═══ Provided records
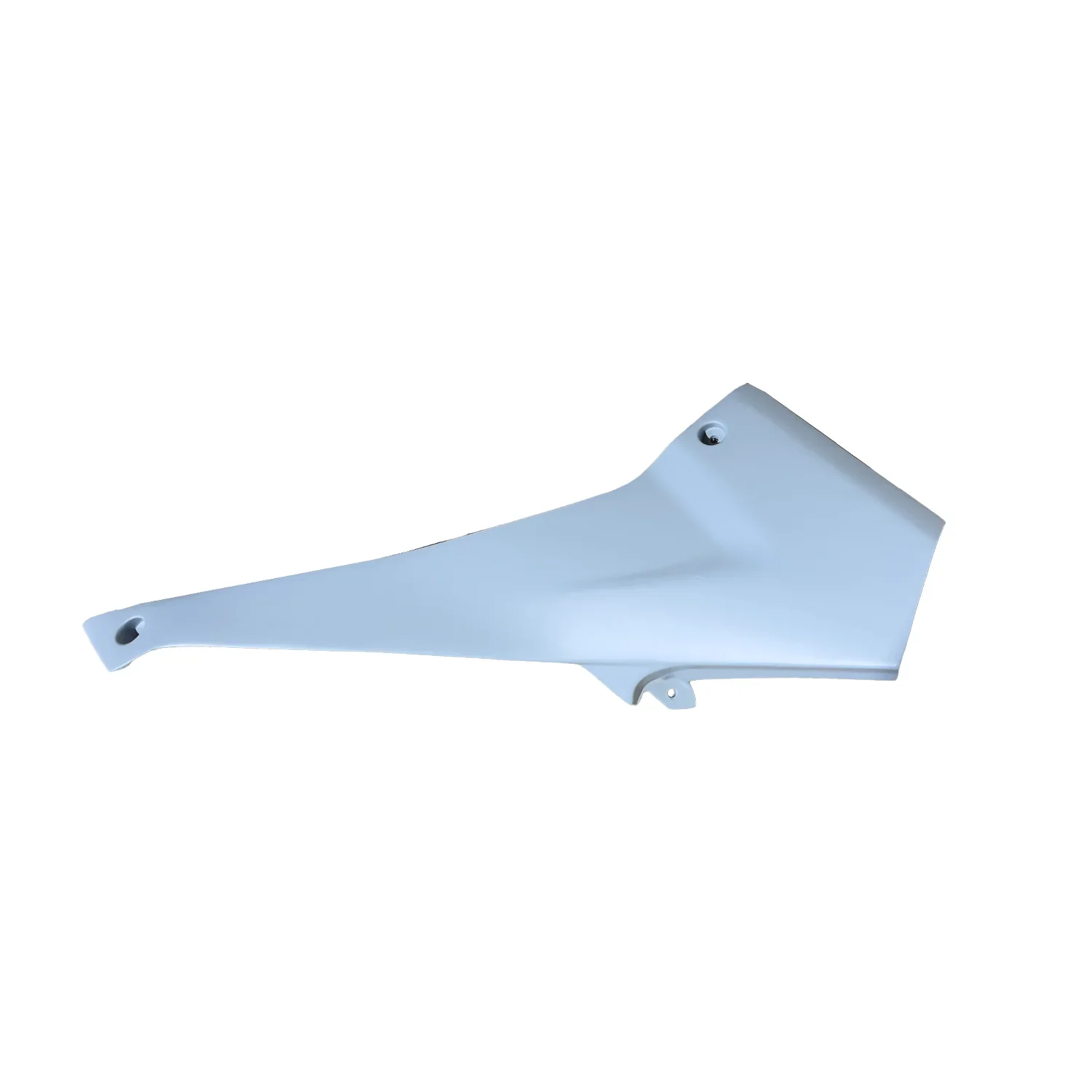 71-0761LTP.webp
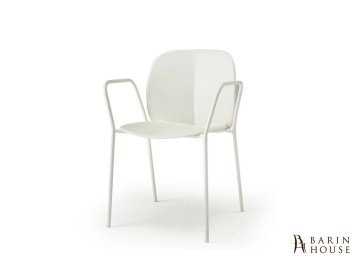 Купить Кресло Mentha Linen 313054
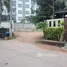 3 Bedroom Villa for rent at Grand T.W. Home 2, Nong Prue, Pattaya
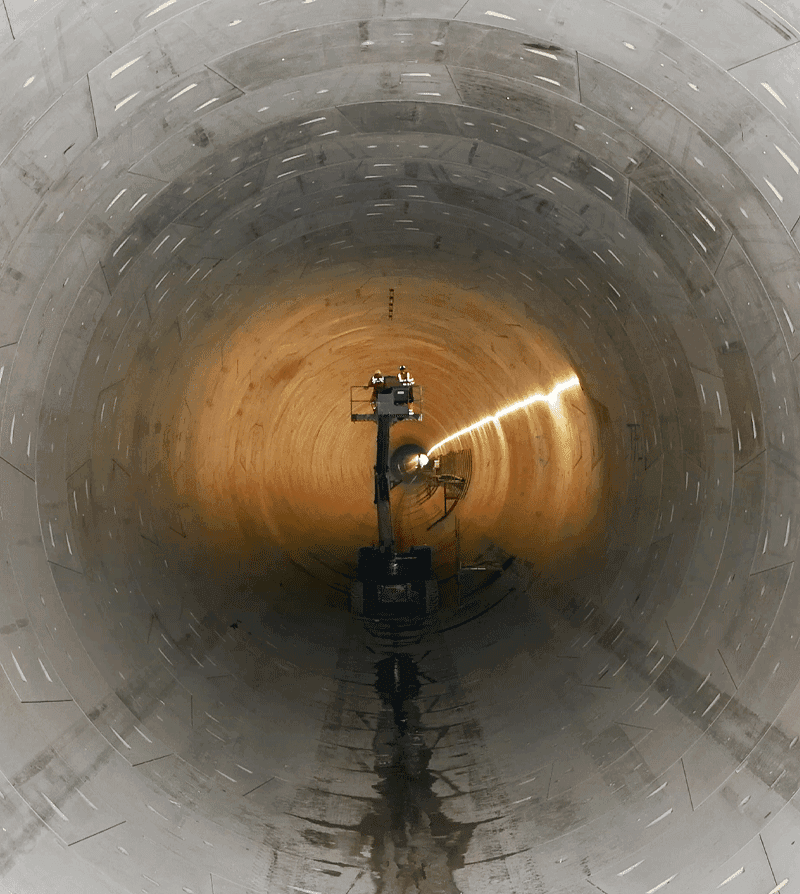 HS2 Long Itchington South - image 9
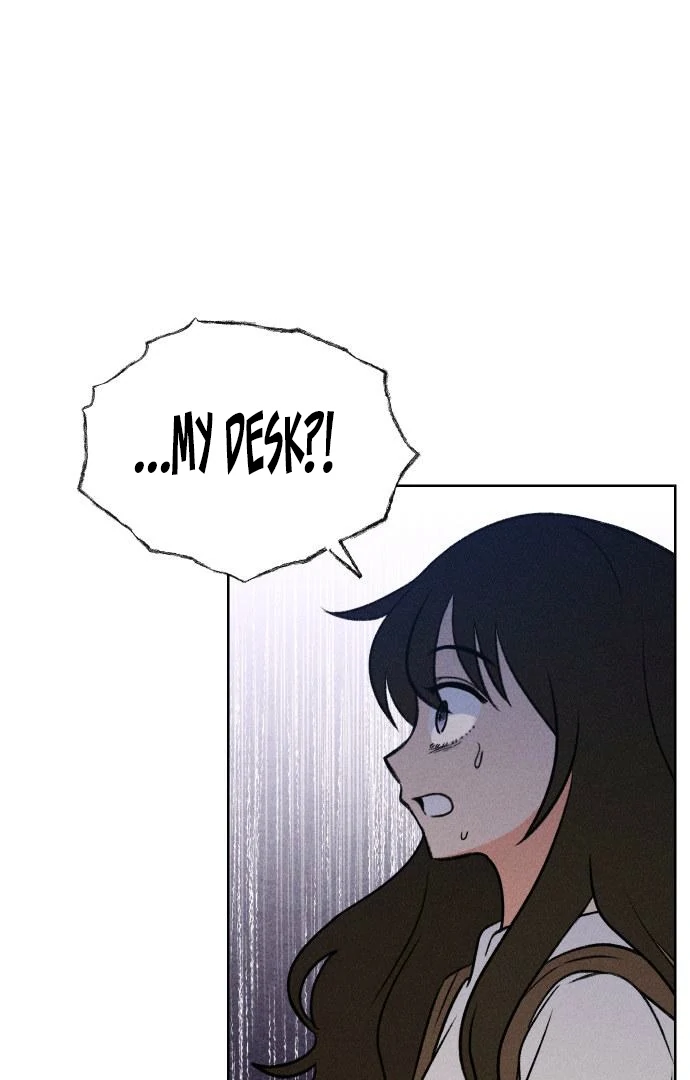 Read Classmate chapter 11 image 27 on Lezhin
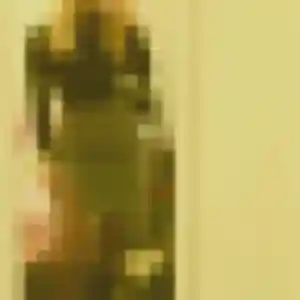 Photo privée de Lea, 20 ans à Trappes - rencontre sans lendemain
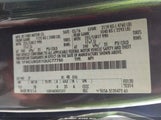 Ford Escape Se 1FMCU9GX1GUC77750 снимка
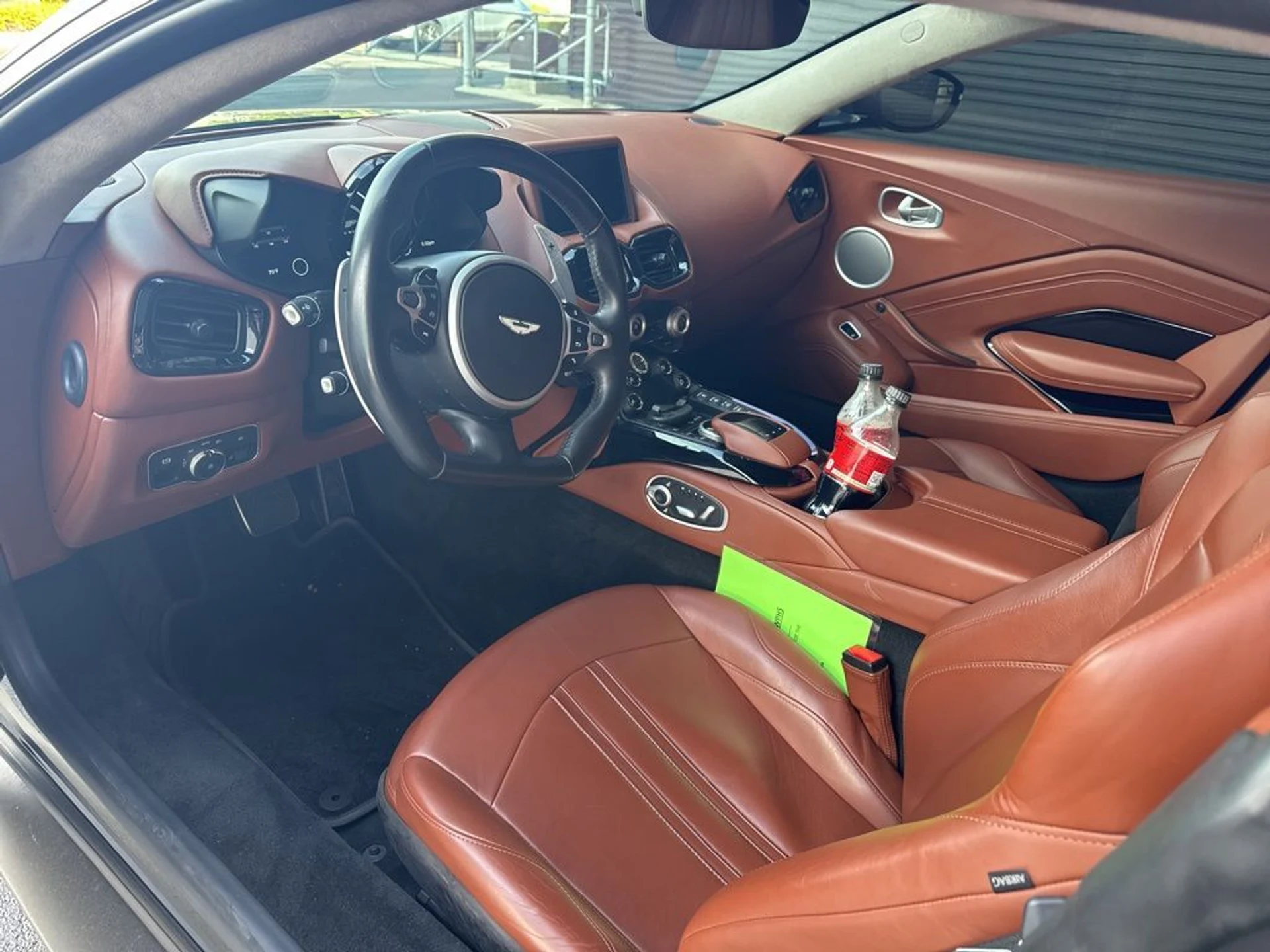 mph004_4222497490_84f7f3f00cf694d444d26dfc56fba707x_53048fc4c6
══════
**Work request:**
Find the line that contains "3 Bedroom Villa" and repeat it, along with every line after it to the end of the data, exactly; drop the pictures.

**Expected answer:**
 3 Bedroom Villa for rent at Grand T.W. Home 2, Nong Prue, Pattaya
 HS2 Long Itchington South - image 9
 Read Classmate chapter 11 image 27 on Lezhin
 Photo privée de Lea, 20 ans à Trappes - rencontre sans lendemain
 Ford Escape Se 1FMCU9GX1GUC77750 снимка
 mph004_4222497490_84f7f3f00cf694d444d26dfc56fba707x_53048fc4c6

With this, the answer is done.